What needs to be done. Extract the full set of records that follows, word for word.

^^^^^^^^^^^^^^^^

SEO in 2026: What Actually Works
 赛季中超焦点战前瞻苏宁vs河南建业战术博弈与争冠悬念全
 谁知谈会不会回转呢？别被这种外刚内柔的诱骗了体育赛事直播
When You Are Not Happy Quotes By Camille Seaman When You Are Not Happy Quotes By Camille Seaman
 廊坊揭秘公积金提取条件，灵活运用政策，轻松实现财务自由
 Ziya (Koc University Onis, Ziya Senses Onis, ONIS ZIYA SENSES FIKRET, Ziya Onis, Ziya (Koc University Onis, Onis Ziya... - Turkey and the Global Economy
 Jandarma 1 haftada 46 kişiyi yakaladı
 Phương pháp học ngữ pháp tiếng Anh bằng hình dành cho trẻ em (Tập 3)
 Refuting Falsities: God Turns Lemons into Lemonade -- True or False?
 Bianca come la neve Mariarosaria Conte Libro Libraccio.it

^^^^^^^^^^^^^^^^

Solution.
SEO in 2026: What Actually Works
 赛季中超焦点战前瞻苏宁vs河南建业战术博弈与争冠悬念全
 谁知谈会不会回转呢？别被这种外刚内柔的诱骗了体育赛事直播
When You Are Not Happy Quotes By Camille Seaman When You Are Not Happy Quotes By Camille Seaman
 廊坊揭秘公积金提取条件，灵活运用政策，轻松实现财务自由
 Ziya (Koc University Onis, Ziya Senses Onis, ONIS ZIYA SENSES FIKRET, Ziya Onis, Ziya (Koc University Onis, Onis Ziya... - Turkey and the Global Economy
 Jandarma 1 haftada 46 kişiyi yakaladı
 Phương pháp học ngữ pháp tiếng Anh bằng hình dành cho trẻ em (Tập 3)
 Refuting Falsities: God Turns Lemons into Lemonade -- True or False?
 Bianca come la neve Mariarosaria Conte Libro Libraccio.it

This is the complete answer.